### Directions for this task
Any picture must be dropped, but each line of the data should be duplicated exactly.

### Given material
========================
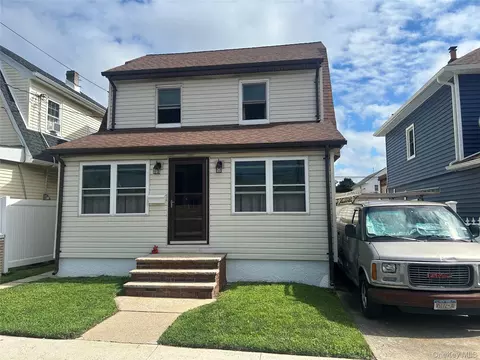 9005 Springfield Blvd, New York, NY 11428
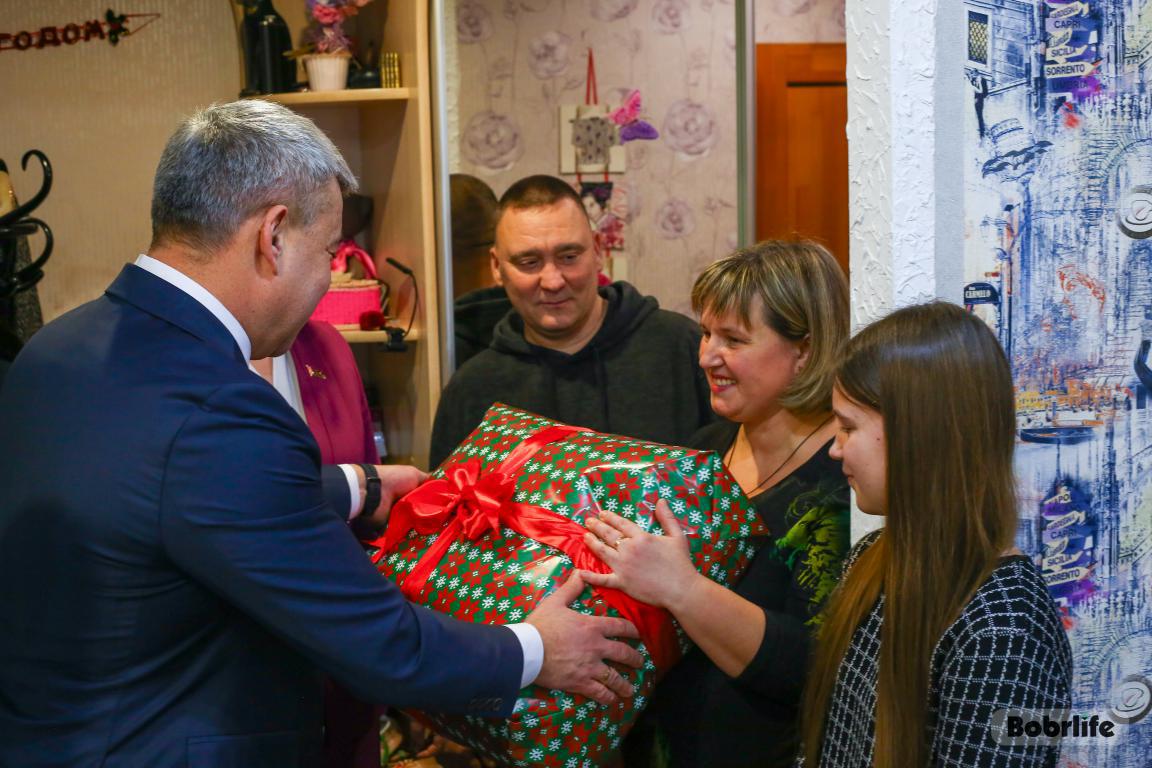 Акцыя «Нашы дзеці»: навагодні сюрпрыз для шматдзетных сем'яў Хацяновіч і Разанцавых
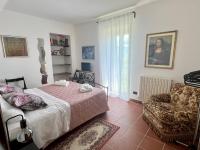 Standard Double Room with Shared Bathroom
========================
### Solution
 9005 Springfield Blvd, New York, NY 11428
 Акцыя «Нашы дзеці»: навагодні сюрпрыз для шматдзетных сем'яў Хацяновіч і Разанцавых
 Standard Double Room with Shared Bathroom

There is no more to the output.